Helaine’s Tango Musicality Story

Tango has been my passion and the center of my life for 25 years, and tango education my full-time profession for 19 yearsI’ve developed many tango learning systems and online courses to solve the problems of social tango dancers around the world. The most important of these systems is “Tango Musicality Mojo.” 


Today, as a tanguera, I have the confidence to dance in milongas with any tanguero, milonguero, or professional. . . and I know that the more they understand the music, the more they’ll love dancing with me because I can dialog with them through my tango.

 

What really matters to me and I think to YOU is how my musicality students are becoming the most fulfilled and desirable dancers in their communities. They’re super confident and relaxed on the dance floor and they’re in love with their tango lives. 

 

But it wasn’t always like that for them or for me.

  

When I started to teach, it pained me to see my students focusing on their steps and not knowing what to make of the music.  I expected it to come naturally to them, as it had to me. I did my best to help them, but I was winging it back then, explaining by intuition, and that didn’t always work. 

 

In my big tango school in Italy, I regularly brought in top Argentine instructors who were traveling in Europe. One famous teaching couple I invited was Jorge and Marita Dispari. 

 

I was very proud of my students, who were admired in other tango communities, and were generally successful in local and out of town milongas. 

 

However, during Jorge's first teaching week in my school, around 2007, he remarked, "Your students are good, but they're missing something critical."  My ego flared up inside, because I had a lot invested in being recognized as a good teacher. But I humbly asked what it was they were missing.

 

Jorge said, "They don't know how to dance the pauses."  I felt like a jackass. Up to that point, I had not taught anything about pauses in the music. I had worked with my students on phrasing, but did not identify the pauses. I wasn't sure I could figure it out myself.  

 

It hurt to hear my teaching criticized, but that criticism turned out to be one of the biggest blessings of my career.

 

In the weeks that Jorge and Marita were with us, Jorge "dripped" bits of his precious musicality knowledge into our classes.  I was hungry to know it all and booked a private musicality session with him just before they left Italy. I received a 3-hour, private lecture of demos in which Jorge snapped his fingers to tangos he played on the stereo, and then tested me. What Jorge taught me felt so right.  It immediately gave me clarity about the structure of the music in a way that went way beyond my innate feeling!

 

Jorge told me I did very well and that I should continue doing this kind of listening exercise daily. I started creating a structured method to teach my local students and to continue my own exploration of even more aspects of the music than Jorge had the time to teach me. This work had a big impact on my teaching and, through that, on my students’ dancing. 

 

But I still wasn’t a musicality expert.

 

A second painful moment came when I organized a workshop in my Florida, US town for a group of my online students from around North America. 

 

When we got to the musicality segment, I taught my group the way Jorge had taught me. In the evaluation survey after the event, one of my serious workshop students wrote “I don’t want to watch Helaine stand there snapping her fingers.” 

 

That was like a knife in my gut, yet deep down I was grateful to know the truth. So when it was time to build my online musicality course, I wanted to give my virtual students something much more precise and concrete than watching me snap my fingers in a video. 

 

I created a detailed notation system. I did excruciating levels of analysis on the tangos we studied in my online course. It was excruciating at first to implement the super-accurate system I had created. But at the end of each analysis it was so satisfying and empowering, and it was the same for my online students who went through the progressive modules of my course. They reported that all their frustrations in milongas had vanished! 

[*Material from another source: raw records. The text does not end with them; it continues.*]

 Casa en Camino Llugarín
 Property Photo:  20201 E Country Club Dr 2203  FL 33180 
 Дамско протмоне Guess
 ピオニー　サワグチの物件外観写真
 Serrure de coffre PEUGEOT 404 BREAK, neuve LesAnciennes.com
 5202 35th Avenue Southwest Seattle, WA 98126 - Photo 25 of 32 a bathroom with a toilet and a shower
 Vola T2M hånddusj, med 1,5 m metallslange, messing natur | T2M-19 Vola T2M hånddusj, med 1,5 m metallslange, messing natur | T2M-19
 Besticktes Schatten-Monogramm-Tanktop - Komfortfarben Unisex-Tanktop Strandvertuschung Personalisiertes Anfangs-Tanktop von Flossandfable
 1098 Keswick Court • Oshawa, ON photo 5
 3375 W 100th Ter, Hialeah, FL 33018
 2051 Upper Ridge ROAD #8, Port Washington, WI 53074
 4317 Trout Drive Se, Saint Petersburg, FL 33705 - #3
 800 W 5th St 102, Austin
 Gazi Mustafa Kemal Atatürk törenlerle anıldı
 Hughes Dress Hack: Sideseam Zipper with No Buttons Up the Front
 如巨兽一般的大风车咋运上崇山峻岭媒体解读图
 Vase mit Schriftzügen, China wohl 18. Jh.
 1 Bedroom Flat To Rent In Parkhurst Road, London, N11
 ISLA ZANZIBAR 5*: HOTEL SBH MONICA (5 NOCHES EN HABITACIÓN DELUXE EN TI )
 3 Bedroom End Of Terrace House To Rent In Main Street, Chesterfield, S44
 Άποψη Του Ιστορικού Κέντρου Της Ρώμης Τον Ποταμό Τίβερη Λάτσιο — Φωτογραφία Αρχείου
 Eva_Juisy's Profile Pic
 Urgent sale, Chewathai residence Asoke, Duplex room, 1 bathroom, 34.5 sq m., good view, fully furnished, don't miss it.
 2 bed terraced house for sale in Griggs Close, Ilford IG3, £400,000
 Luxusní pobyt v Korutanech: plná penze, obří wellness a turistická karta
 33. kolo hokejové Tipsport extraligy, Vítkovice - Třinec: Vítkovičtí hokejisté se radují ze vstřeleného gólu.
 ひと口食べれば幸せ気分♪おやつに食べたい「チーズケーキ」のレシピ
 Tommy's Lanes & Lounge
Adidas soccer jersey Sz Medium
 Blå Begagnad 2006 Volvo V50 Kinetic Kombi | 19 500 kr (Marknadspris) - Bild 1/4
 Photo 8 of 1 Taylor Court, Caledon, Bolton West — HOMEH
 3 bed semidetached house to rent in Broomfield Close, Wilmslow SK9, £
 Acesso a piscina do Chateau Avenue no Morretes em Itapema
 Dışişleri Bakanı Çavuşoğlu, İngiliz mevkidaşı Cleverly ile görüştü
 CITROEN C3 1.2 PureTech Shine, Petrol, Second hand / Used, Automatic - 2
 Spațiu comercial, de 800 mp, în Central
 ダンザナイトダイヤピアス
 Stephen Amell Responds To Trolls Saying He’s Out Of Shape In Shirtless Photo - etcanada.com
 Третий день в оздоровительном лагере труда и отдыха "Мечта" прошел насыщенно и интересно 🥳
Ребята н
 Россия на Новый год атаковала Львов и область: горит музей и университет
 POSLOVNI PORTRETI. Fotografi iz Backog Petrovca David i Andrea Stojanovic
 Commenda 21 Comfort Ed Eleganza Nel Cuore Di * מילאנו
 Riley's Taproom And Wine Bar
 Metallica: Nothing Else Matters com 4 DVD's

My detailed notation system became a way for tango dancers who are not musicians to read tango music from the dancer’s perspective. It put my students and me in total control of any tango. Mastering tango musicality in this way gave them confidence they hadn’t known before and opened the door to their free expression and to deeper connection with their partners. This mastery put them among the most desirable dancers in their tango communities and wherever they traveled. They continue to report that tango in their lives is now a total joy, they’re attracting more interesting dance partners, and they know that many tanda partners are eager to dance with them in milongas. For many of my students this has been a 180 degree turnaround. 

 

And me? I’ve learned from my students around the world who have been seeking a comprehensive way to study musicality, some for years, that I am now truly one of the tango world’s top musicality experts and that my system is the most comprehensive any of them have ever seen. 

 

I continue to explore the music and to create new tools to make tango musicality easier and more useful to both analytical thinkers and intuitive thinkers who are tango students, teachers and professional dancers. I didn’t know that it was possible for me to enjoy dancing to tango music more than I had been for years, but for me personally, it gets better and better and better.